Many are of mixed Christian and Jewish backgrounds, like Hill, but some, like Weinstein and Oppenheim, were raised Jewish. Jews who accept Jesus often go through painful separations for their families.

All three groups, however, make preaching their beliefs to others central to their ministries, the leaders said. They believe that their message should be preached first to the Jews, then to the rest of the world.

Beth Yeshua is affiliated with CJF Ministries in San Antonio (formerly Christian Jew Foundation), which was started in 1948 by a former Orthodox Jew.

CJF is not as "pushy" as the infamous, Baptist-funded Jews for Jesus, group, but they do have the same scope, Hill said. He and his congregants often pass out tracts to students at UNLV, but they do so in a low-key manner.

"If people want to talk, we are willing to talk," Hill said. "If they want to walk on by, that's fine. I believe in freedom of choice."

Jews believe that God will bring them a messiah, Harris-Shapiro said, but they do not believe that the historical Jesus of Nazareth was that messiah because he did not fulfill the prophecies to restore Israel's kingdom and bring about world peace. The Messianic and Christian teachings that the messiah was God in the flesh and that he was one part of a three-natured God is also against Jewish teaching, Harris-Shapiro said.

"There is very little in Judaism that a Christian cannot accept, but you cannot be in the Jewish faith and say Jesus is my messiah and Jesus is my God," Akselrad said. "You've come into another religion.
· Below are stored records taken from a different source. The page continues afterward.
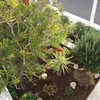 jardines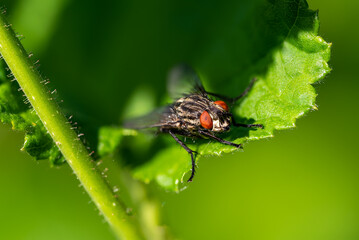 Macro shot of a fly standing on the edge of a green leaf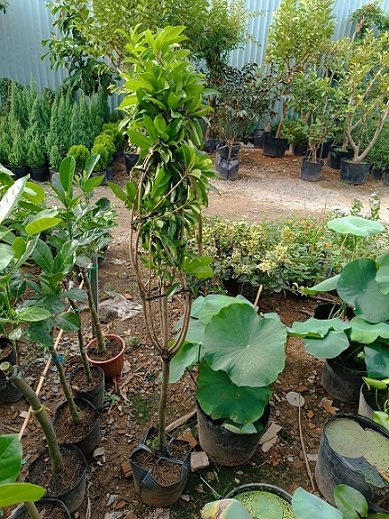 Bán Cây Hồng Xiêm có trái tại HCM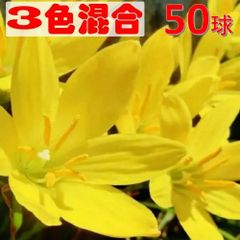 50球セット 色混合 ゼフィランサス 球根 白 黄色 ピンク桃色 ３色セット 色混合 大量 花苗 レインリリー 夏 秋 キバナサフランモドキ 多年草 玉すだれ ホワイト 純白 常緑 簡単 可愛い 初心者 植物 人気カラー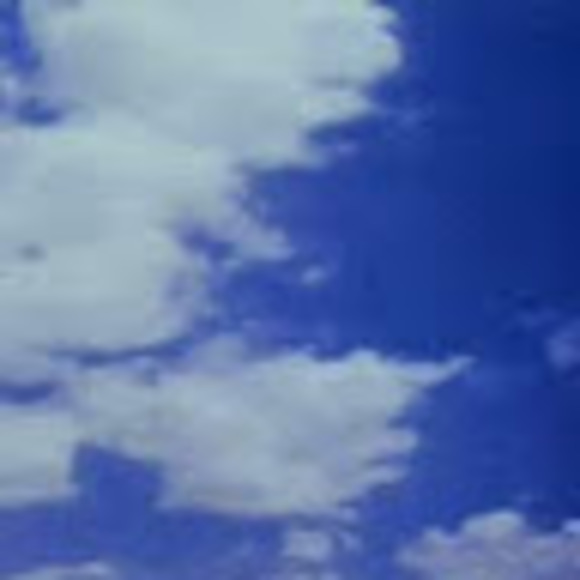 Profile Picture of Alex Waitkus (@alex_wait) on Poshmark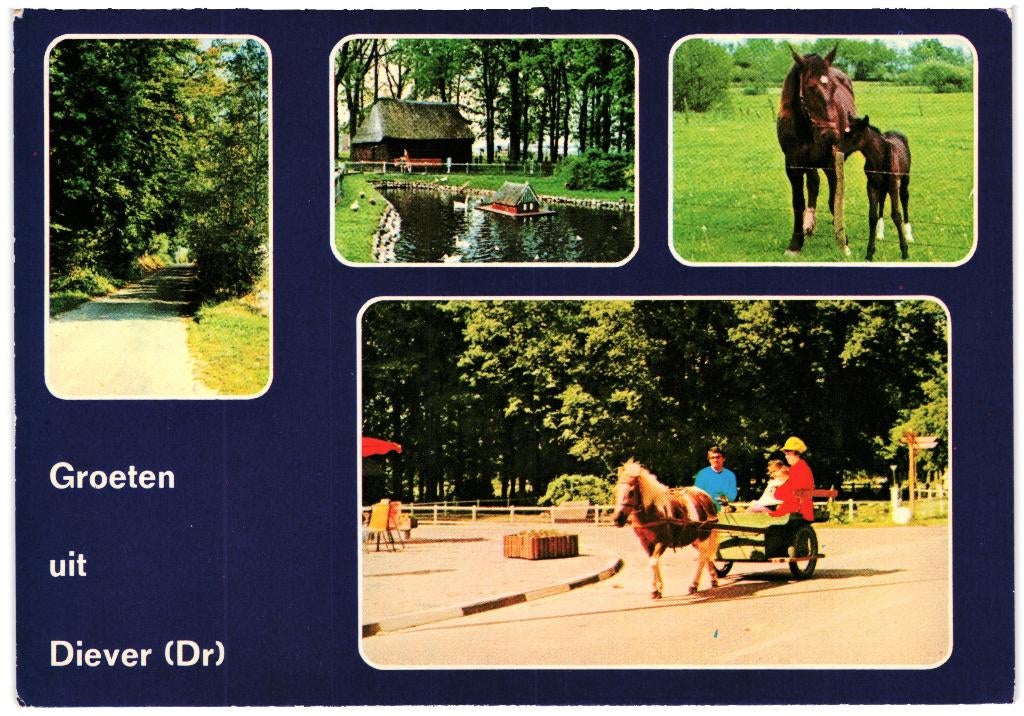 801342 Diever Drenthe 80+ Gelopen met postzegel, Ophalen of Verzenden, 1980 tot heden, Gelopen, Drenthe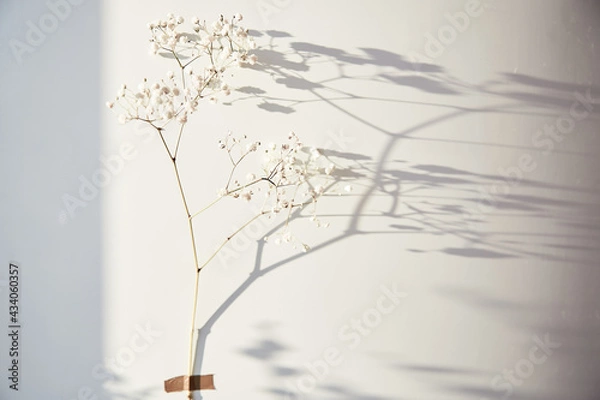 Fototapeta Save planet and global warming concept. Gypsophila flower glued to the background with shadows. 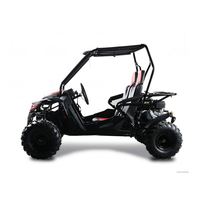 Buggy électrique 4x4 TBM K3 avec moteur 208CC et transmission automatique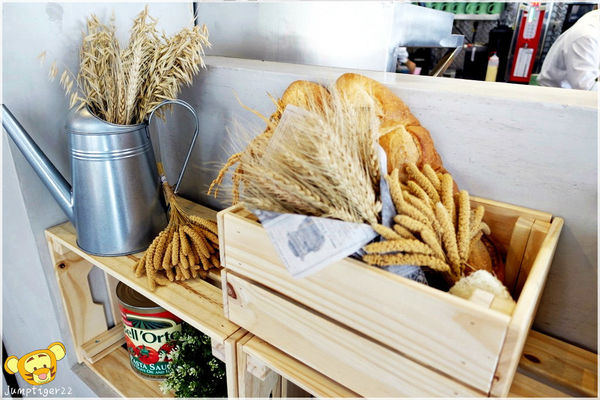 1504269110-530278189_n.jpg?v=1504269236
But Messianic Jews say that accepting Jesus as the promised Jewish messiah is a completion of Judaism and a fulfillment of a spiritual need.

"Whether you are Jewish or gentile you become spiritually complete," Hill said. "You are new person, that's where the term born-again comes from."

The idea that a Jewish persom must lose his Judaism if he accepts the Jewish messiah is laughable to Messianic Jews, Hill, Weinstein and Oppenheim said, but they say its a huge misconception about their faith.

"I think Christianity is at fault for that," Weinstein said. "There are these unwritten rules, that if you believe in Jesus Christ you must become a Christian. But you can remain a Jew if you want to.

"I'm a Jewish guy who believes in the messiah. And that's a stumbling block for some."

Messianic congregations, like the branches of Judaism, differ in their observance of the Tanakh, or Old Testament, laws, such as the specific regulations for keeping Shabbat (the Sabbath) or eating a kosher diet, leaders said.

Beth Elohenu is almost orthodox in its observance, Lev HaShem is a little bit more liberal and Beth Yeshua gives its congregants the individual freedom to decide the level of their observance.

Messianic Jews prefer the Jewish festivals over Christian holidays like Christmas and Easter because they see themselves as Jewish, all three men said. They also prefer Stars of David to crosses and reject all icons.

Messianic Jews sometimes run into tension with Christians because of their insistence on maintaining the Jewish customs, the congregational leaders said.

"There are Christian people who feel that once you accept Jesus into your life that it is no longer necessary to have a Jewish identity or observance of Torah," Oppenheim said.

Some Christians also believe that they have replaced Jews as God's chosen people, Hill said, which Messianic Jews disagree with. Jews remain God's chosen people, but God has "grafted" Christians into the same family tree, said Hill, quoting from the Apostle Paul in his letter ot the Romans.

Remembrance of past persecution also can sometimes separate Christians and Messianic Jews, the congressional leaders said. Most Messianic Jews wince at the word "Christ" because so often it was followed by "killer" and directed at them before they accepted Yeshua, said Hill, whose Jewish grandparents emmigrated from Germany in 1931.

Hill's grandparents stopped practicing their faith because of the discrimination in the United States, and he subsequently grew up Episcopalian before rediscovering his Jewish roots after college.